Comment faire fondre de moitié le nombre de bagarres au hockey en moins de deux ans? En serrant la vis. C'est ce qu'a fait le hockey junior américain, un circuit qui produit de plus en plus de joueurs de la LNH, mais qui estime qu'elle n'a pas à former des bagarreurs.

La United States Hockey League (USHL) représente le plus haut niveau de hockey junior au sud de la frontière. Quatre de ses joueurs ont été sélectionnés au premier tour du dernier repêchage de la LNH.

Elle est considérée comme l'une des meilleures ligues de développement au monde. Elle fait aussi figure de chef de file dans la réduction des bagarres au hockey. Cette saison, elle vient d'édicter des règlements d'une sévérité inégalée dans le hockey junior nord-américain.

Le mouvement est en marche depuis des années, mais il s'est accentué depuis octobre 2013, lorsqu'un joueur junior américain s'est retrouvé en convulsions sur la glace après un combat.

La principale nouveauté est arrivée cet automne. Désormais, dans la USHL, toute bagarre est sanctionnée d'une pénalité majeure et d'une inconduite de dix minutes. Résultat: un joueur impliqué dans une bagarre se voit imposer 15 minutes de pénalité.

Les modifications réglementaires portent leurs fruits. Le nombre de bagarres par match est passé de 0,6 il y a deux ans à 0,45 l'année dernière. Depuis le début de cette saison et avec les punitions de 15 minutes, il est tombé à 0,28*, moitié moins que dans la LHJMQ.

«Développer les aptitudes à la bagarre chez nos joueurs est illogique. D'abord parce que certains vont jouer dans les collèges, où les bagarres sont interdites. Ensuite parce que même dans la LNH, à laquelle plusieurs de nos joueurs se destinent, il y a de moins en moins de bagarres», fait valoir lors d'un entretien téléphonique le commissaire de la USHL, Bob Fallen.

«J'ai eu une conversation récemment avec Dan Maar, du bureau central de dépistage de la LNH. Je lui ai demandé si ses dépisteurs tenaient compte de la capacité de se battre, raconte le commissaire. Il m'a répondu qu'il n'avait jamais vu, sur aucun rapport de dépistage, une précision sur les aptitudes de bagarreur d'un joueur. Jamais. Ça en dit beaucoup sur la direction dans laquelle va le hockey.»

Autre nouveauté cette saison, même les entraîneurs peuvent y goûter. Dès qu'une équipe enregistre 36 combats dans l'année, l'entraîneur reçoit un match de suspension; il est de nouveau puni d'une suspension chaque fois que son équipe ajoute quatre bagarres au total. «On veut rendre les entraîneurs responsables», note le directeur des opérations hockey de la USHL, Adam Micheletti.

Si cette règle avait été en vigueur l'année dernière au Québec, 14 des 18 entraîneurs de la LHJMQ auraient été suspendus au cours de la saison. L'entraîneur-chef des Islanders de Charlottetown, Gordie Dwyer, aurait écopé de 12 matchs de suspension en raison des 80 combats des siens, si l'on en croit les chiffres du site spécialisé HockeyFights.com.

«Nous sommes sensibles à l'effet des combats sur la santé de nos joueurs. De plus en plus de gens dans le hockey pensent que les bagarres devraient disparaître, et un jour, elles vont disparaître», croit Adam Micheletti.

Une inspiration pour le Québec?

La USHL devient donc cette saison la ligue de hockey junior la plus inhospitalière pour les bagarres.
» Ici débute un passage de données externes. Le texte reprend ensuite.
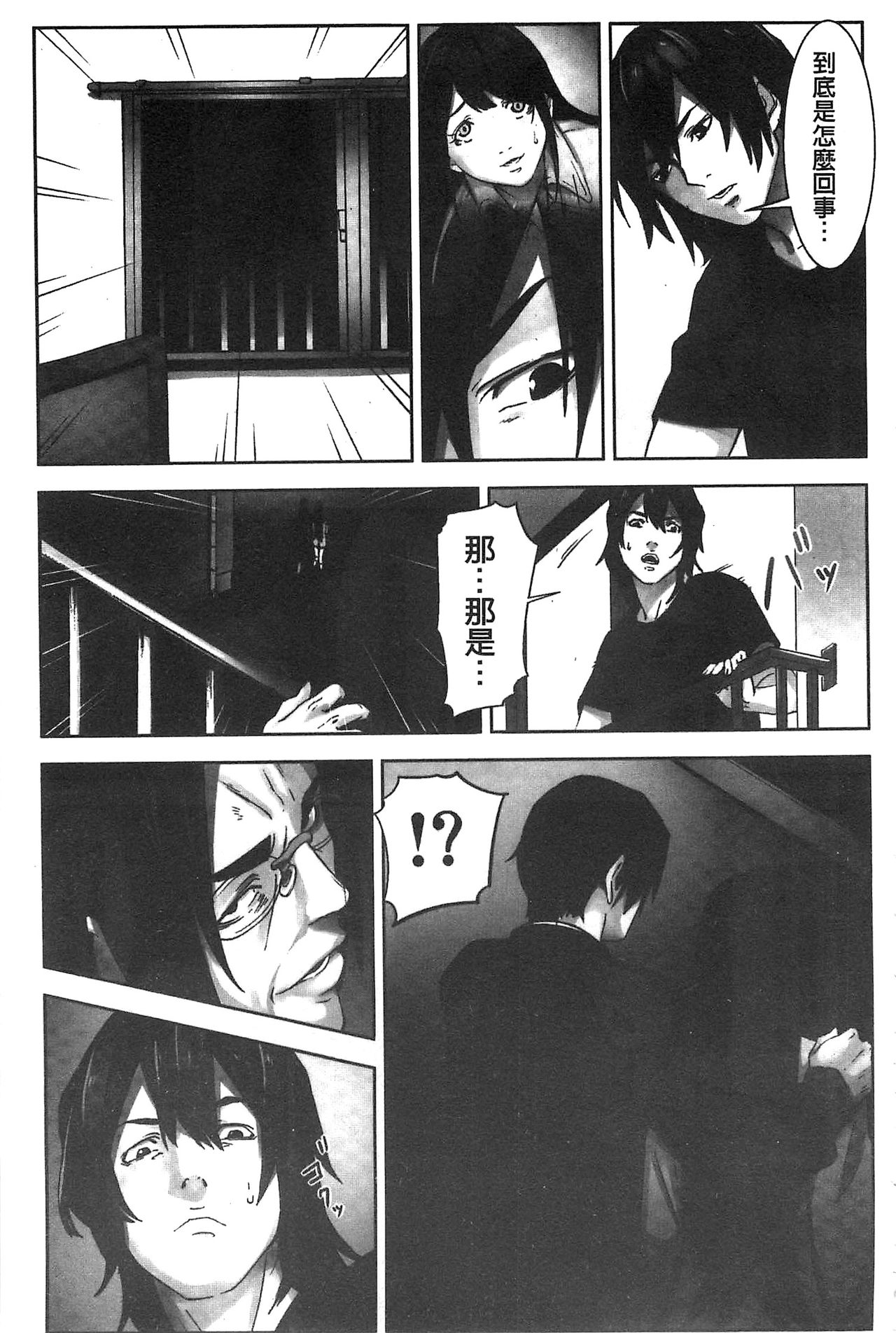 [影追い] お仕置きの時間 [中国翻訳]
Représente-t-elle un exemple pour le hockey junior québécois?

La LHJMQ a instauré quelques règles en 2008 pour encadrer les bagarres: elle les a interdites dans les cinq dernières minutes de jeu, tout comme le fait d'enlever le casque de l'adversaire.

Le nombre de bagarres est passé de 2,4 par match en 1992-1993 à 0,68 en 2012-2013. Il a remonté un peu la saison dernière pour se situer à 0,75.
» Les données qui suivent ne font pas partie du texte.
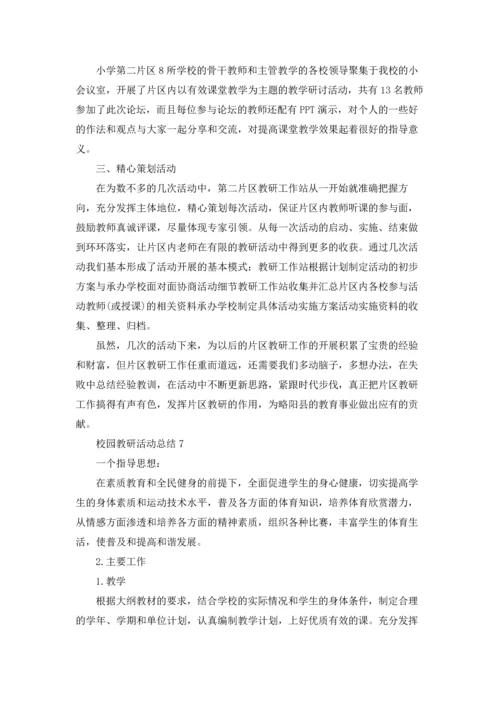 校园教研活动总结11篇.docx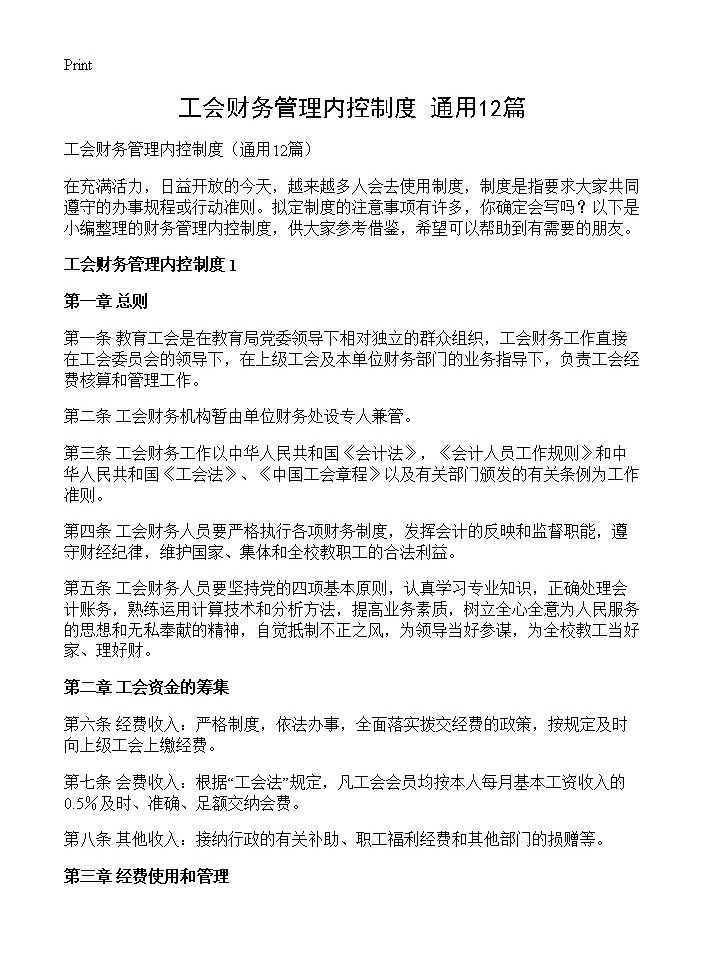 工会财务管理内控制度12篇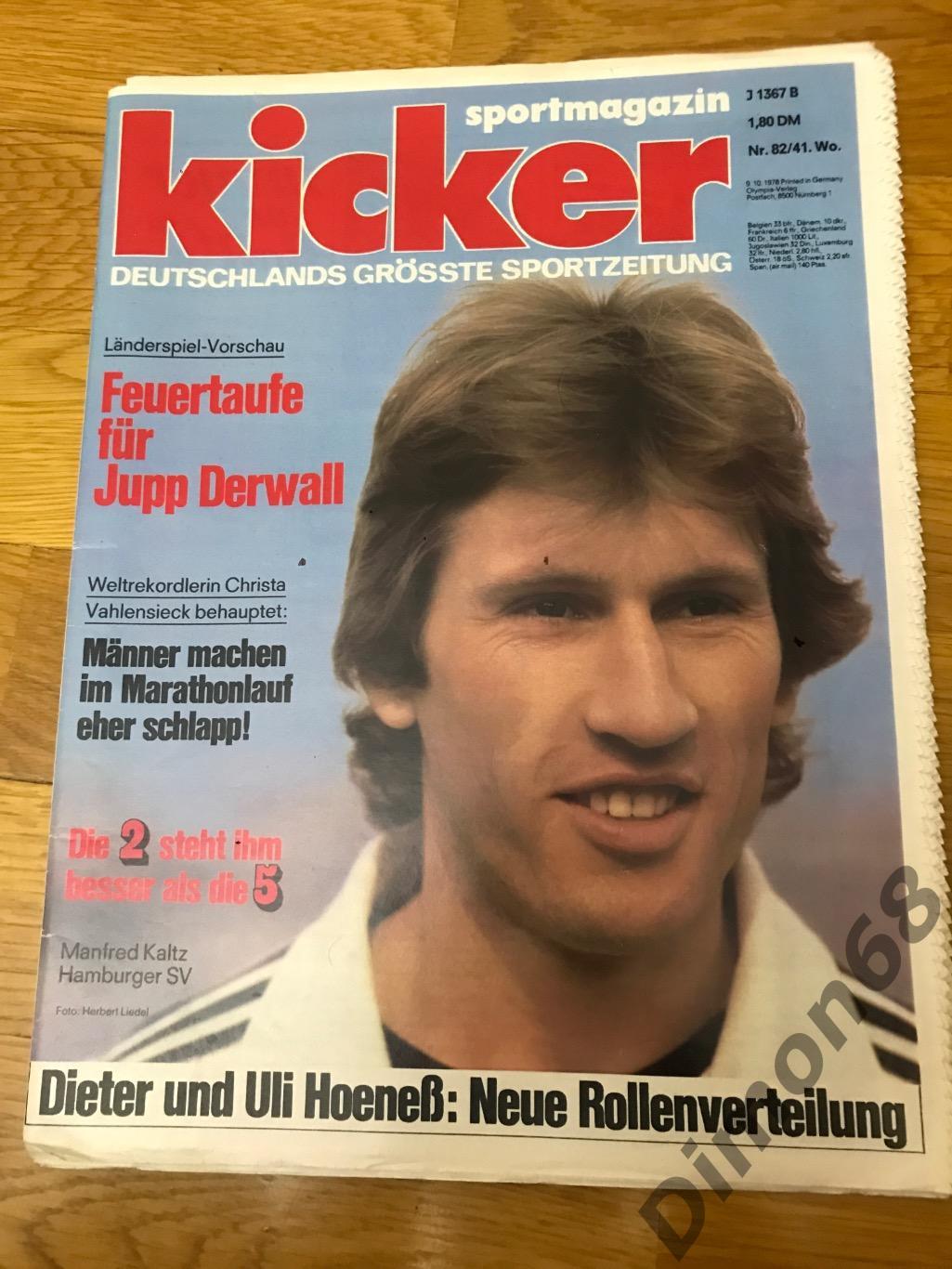 kicker sport magazine номер 82 1978г не целый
Les joueurs québécois sont ceux qui se battent le moins au pays, derrière ceux de la Ligue de l'Ontario et de la Ligue de l'Ouest. Reste qu'ils livrent plus de deux fois plus de combats par match que les joueurs américains.

L'idée de faire passer de 5 à 15 minutes les pénalités décernées aux bagarreurs a déjà été étudiée par la LHJMQ en 2008, dans la foulée de l'agression de Jonathan Roy sur Bobby Nadeau. Mais la Ligue l'avait rejetée.

Six ans plus tard et avec les succès encourageants de cette mesure dans la USHL, la LHJMQ pourrait-elle être tentée de changer son fusil d'épaule?

* À moins d'avis contraire, tous les chiffres proviennent du site spécialisé DropYourGloves.com.

* Les chiffres pour la saison en cours sont partiels, avant les matchs d'hier.